Exercise brief
Please reproduce the line containing "Men's Broken Twill Plaid Shirt Burnt Henna" and every line after it in the records below, exactly and with nothing else.

Records for the task
== Segment start ==

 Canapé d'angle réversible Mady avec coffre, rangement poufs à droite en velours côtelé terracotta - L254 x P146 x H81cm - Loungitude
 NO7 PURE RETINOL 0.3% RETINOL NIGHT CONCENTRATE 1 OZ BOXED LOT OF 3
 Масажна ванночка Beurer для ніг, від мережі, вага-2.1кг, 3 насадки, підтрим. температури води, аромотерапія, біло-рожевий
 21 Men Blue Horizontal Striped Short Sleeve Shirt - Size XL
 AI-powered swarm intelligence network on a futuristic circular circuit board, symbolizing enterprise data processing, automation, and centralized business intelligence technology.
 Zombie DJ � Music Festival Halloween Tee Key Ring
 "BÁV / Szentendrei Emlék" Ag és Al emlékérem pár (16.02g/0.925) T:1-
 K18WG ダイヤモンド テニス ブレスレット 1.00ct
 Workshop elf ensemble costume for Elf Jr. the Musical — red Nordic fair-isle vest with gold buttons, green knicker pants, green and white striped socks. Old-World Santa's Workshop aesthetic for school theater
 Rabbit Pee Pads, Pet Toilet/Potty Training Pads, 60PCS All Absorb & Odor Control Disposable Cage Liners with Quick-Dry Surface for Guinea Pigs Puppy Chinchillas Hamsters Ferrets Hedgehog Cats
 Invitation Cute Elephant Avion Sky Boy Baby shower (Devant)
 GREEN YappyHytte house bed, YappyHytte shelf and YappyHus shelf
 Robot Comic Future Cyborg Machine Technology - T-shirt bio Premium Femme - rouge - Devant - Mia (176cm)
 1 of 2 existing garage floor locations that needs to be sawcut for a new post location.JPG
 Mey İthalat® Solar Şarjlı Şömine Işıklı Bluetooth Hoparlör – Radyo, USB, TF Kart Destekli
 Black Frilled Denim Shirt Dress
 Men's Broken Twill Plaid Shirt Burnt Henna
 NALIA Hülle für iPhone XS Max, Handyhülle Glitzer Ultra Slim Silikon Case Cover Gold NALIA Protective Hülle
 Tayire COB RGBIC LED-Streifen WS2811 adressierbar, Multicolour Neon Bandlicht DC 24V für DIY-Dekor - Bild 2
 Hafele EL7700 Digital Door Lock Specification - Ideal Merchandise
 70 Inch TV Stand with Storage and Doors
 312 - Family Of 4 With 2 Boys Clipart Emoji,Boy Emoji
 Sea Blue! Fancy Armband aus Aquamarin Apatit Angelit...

== Segment end ==

Worked solution
 Men's Broken Twill Plaid Shirt Burnt Henna
 NALIA Hülle für iPhone XS Max, Handyhülle Glitzer Ultra Slim Silikon Case Cover Gold NALIA Protective Hülle
 Tayire COB RGBIC LED-Streifen WS2811 adressierbar, Multicolour Neon Bandlicht DC 24V für DIY-Dekor - Bild 2
 Hafele EL7700 Digital Door Lock Specification - Ideal Merchandise
 70 Inch TV Stand with Storage and Doors
 312 - Family Of 4 With 2 Boys Clipart Emoji,Boy Emoji
 Sea Blue! Fancy Armband aus Aquamarin Apatit Angelit...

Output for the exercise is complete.